The authors point out that the operation of large-scale voucher systems in Chile and New Zealand led to segregation of students by socioeconomic status (SES). Kahlenberg and Wasow are right that this is a troubling outcome, because peer groups have a substantial impact on educational achievement. However, they do not point out that in the Chile and New Zealand systems all children received vouchers of equal value. Several analysts, including Christopher Jencks and Caroline Hoxby, have advocated voucher systems in which children from poor families and/or children who are especially expensive to educate would receive higher valued vouchers than other children. The logic is to make it attractive to schools to recruit such students rather than to shun them. It is not clear how politically viable a system with differentially valued vouchers would be or how large the differentials would need to be to avoid the segregation by SES that the Chile and New Zealand systems produced. The key point is that the impact of a voucher system on educational opportunities for children from low-income families would depend critically on details of the system’s design.
The same point holds for public-school controlled-choice systems. Critical design considerations include whether money follows students from school to school, whether charter schools may participate (and, if so, what types of organizations are eligible to start charter schools), what happens to educators in schools that do not appeal to many families, the circumstances under which families have the right to move children from one school to another, and the obligations of schools to accept students at different points in time, such as the middle of the school year. Without knowing a great deal about such design details, it is not possible to judge how any choice system, whether labeled a voucher system or a public-school controlled-choice system, would impact the education of children from low-income families.

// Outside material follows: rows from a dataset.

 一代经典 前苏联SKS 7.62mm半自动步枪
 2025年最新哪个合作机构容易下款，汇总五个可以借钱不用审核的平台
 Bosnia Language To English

There is no one best design for a choice system. Instead, there are difficult trade-offs, and this is just as true of public-school controlled-choice systems as it is of voucher systems. Consider trade-offs between rapid supply responses and quality control. It is important in choice systems to rapidly expand the supply of seats in the types of educational programs parents and children find attractive. Making it easy for groups to start new schools—for example, charter schools—contributes to this objective. However, the easier it is to start a new school, the more likely it is that the quality of some new programs will be low and some children will suffer. On the other hand, requiring an elaborate review process may help with quality control but it is likely to discourage supply expansion.

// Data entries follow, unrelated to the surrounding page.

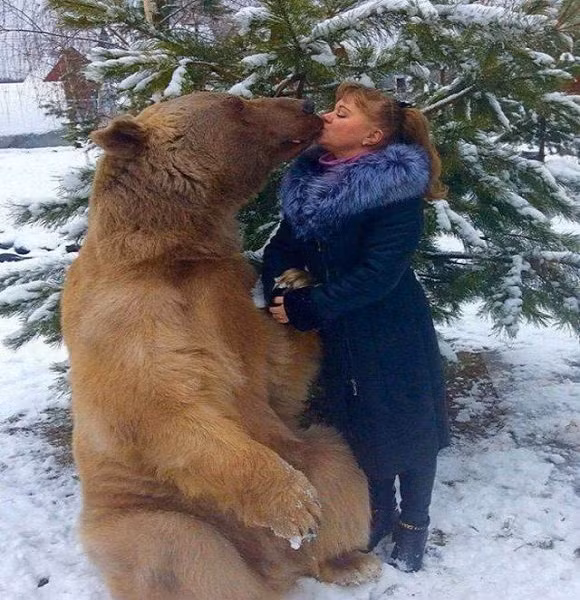 Tình cảm thắm thiết giữa người và gấu. Ảnh: ER.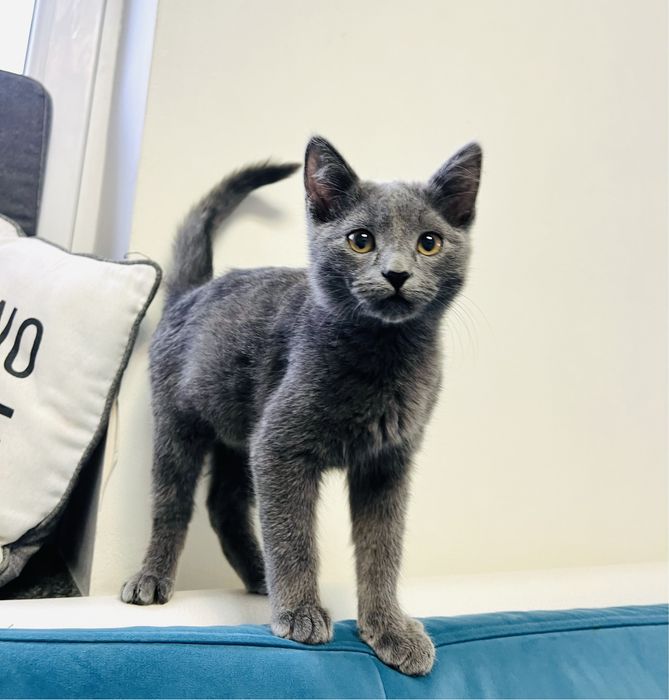 Гарненький хлопчик в добрі руки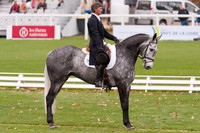 Andrew Nicholson and Tristar II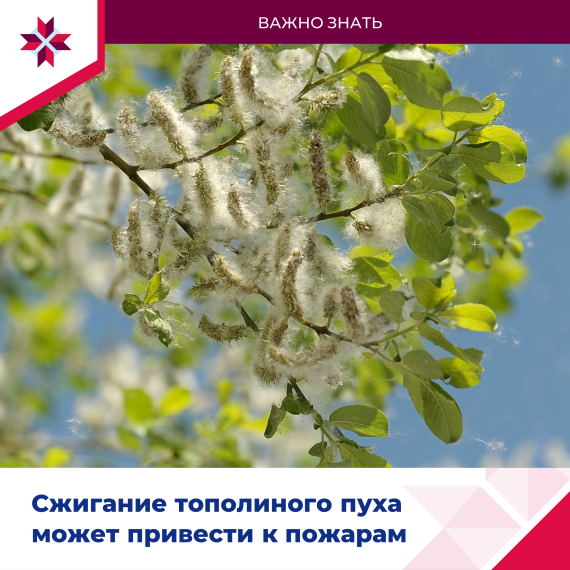 В лесах Мордовии сохраняется высокий класс пожарной опасности. В лесах Мордовии сохраняется высокий класс пожарной опасности.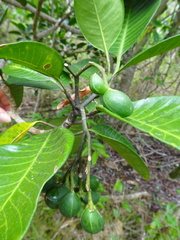 Tabernaemontana cerifera
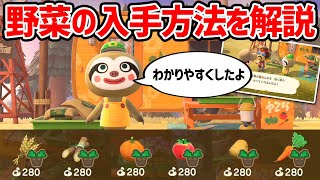 【あつ森】アップデート後の野菜入手法についてわかりやすく解説！パニーの島にレイジを呼んで買う方法！【アプデ後の野菜畑】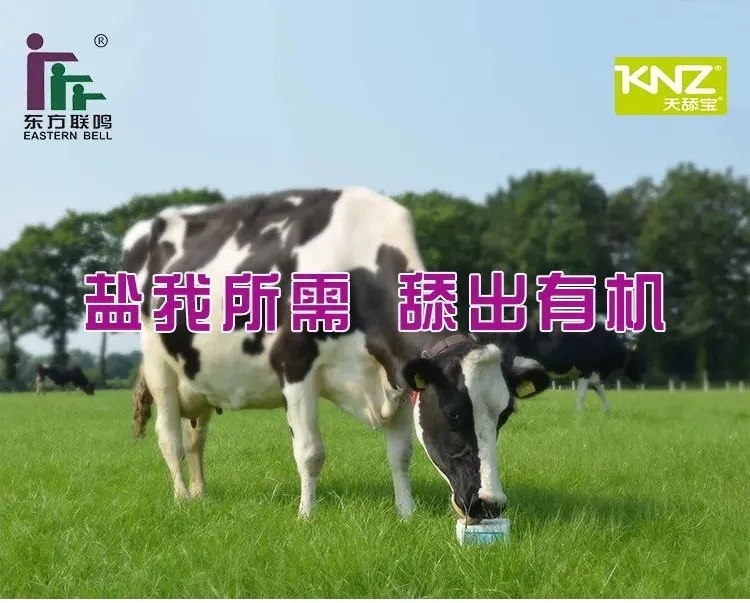直播預(yù)告丨“鹽我所需 舔出有機(jī)” ，我為自己帶鹽！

Trade-offs also exist between facilitating the success of individual schools and protecting educational options for children from especially troubled families. The more difficult it is for schools to expel a student whose behavior impacts negatively on the achievement of peers, the more difficult it is for schools to succeed. On the other hand, the easier it is for schools to expel students, the greater is the problem of what to do with troubled students. Another example concerns the obligations of schools to accept students in the middle of the school year—a major issue in many urban districts serving substantial numbers of transient families. The more control individual schools have over midyear admissions, the easier it is for them to succeed in delivering coherent instructional programs. But if schools can restrict midyear admissions, what happens to students from mobile families?
These are only a few illustrations of the many trade-offs that characterize the design of any choice system. Focusing on the issue of vouchers versus controlled choice is less helpful than the authors suggest.
Cambridge as a Case Study
Cambridge, Massachusetts, the authors point out, has had a public-school controlled-choice system for many years. To my knowledge the system has not been subjected to a rigorous evaluation. However, it seems reasonable to conclude that it has contributed positively to the integration of schools by race and socioeconomic status. It probably also contributed to integrated housing patterns, because families can choose where to live without worrying about the quality of the nearest public school. For these reasons Cambridge’s version of controlled choice may have contributed to cohesion in an extremely diverse community.

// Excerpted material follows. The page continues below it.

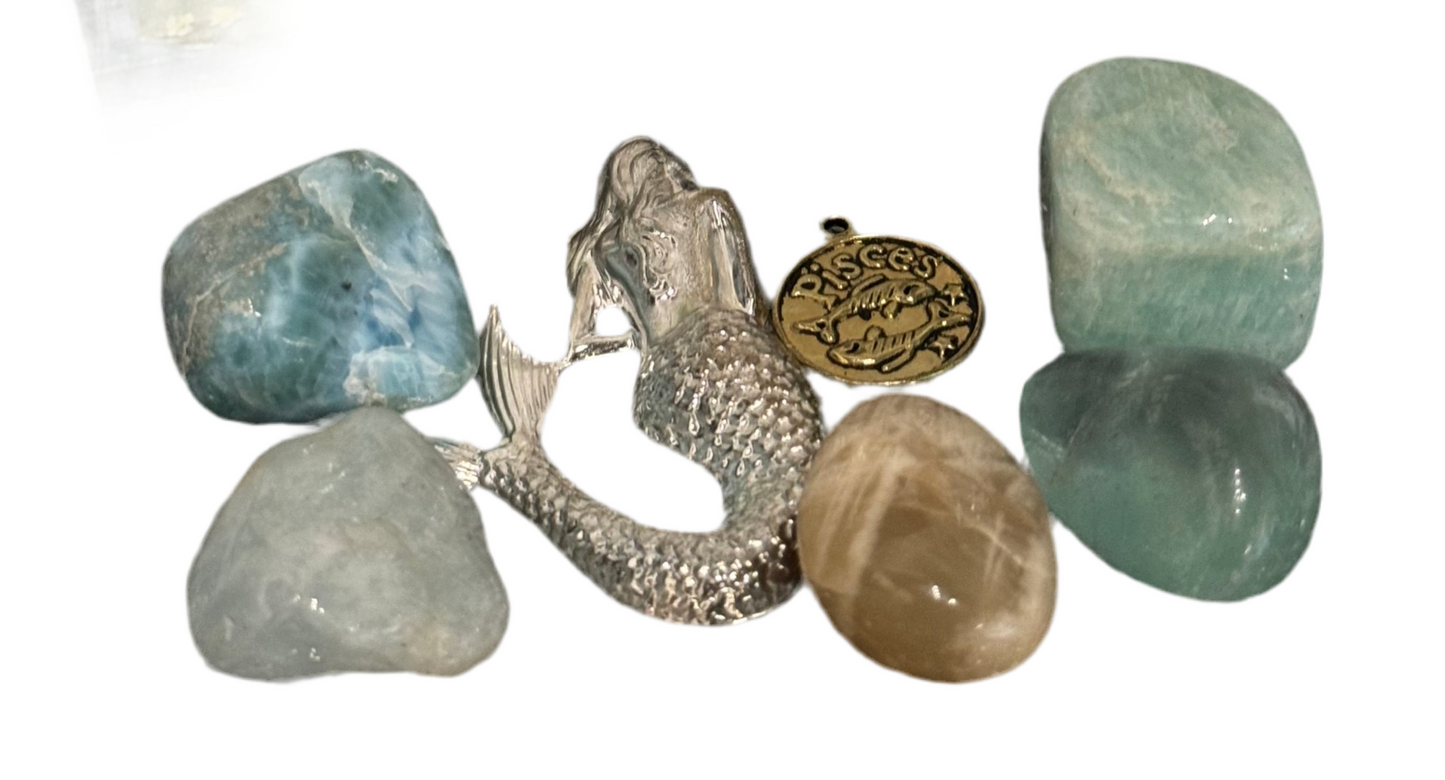 Pisces Zodiac Kit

At the same time, the controlled choice plan has not led to excellence in student achievement. Forty-one percent of Cambridge eighth-graders scored at Level 1 (warning) on the 2002 MCAS math exam, compared to 33 percent of students across the state. The comparable figures on the seventh-grade English-language exam are 17 percent and nine percent. One could argue that these comparisons are not fair because Cambridge serves above-average percentages of immigrant and low-income families. On the other hand, Cambridge spends more money per student ($13,296 in 2000) than any public school district in the state, with the exception of Provincetown.1 Thus, it does not seem that Cambridge’s version of controlled choice has been successful in translating very high expenditures into consistently high student achievement. A controlled choice system with a different design might be more effective in improving students’ achievement.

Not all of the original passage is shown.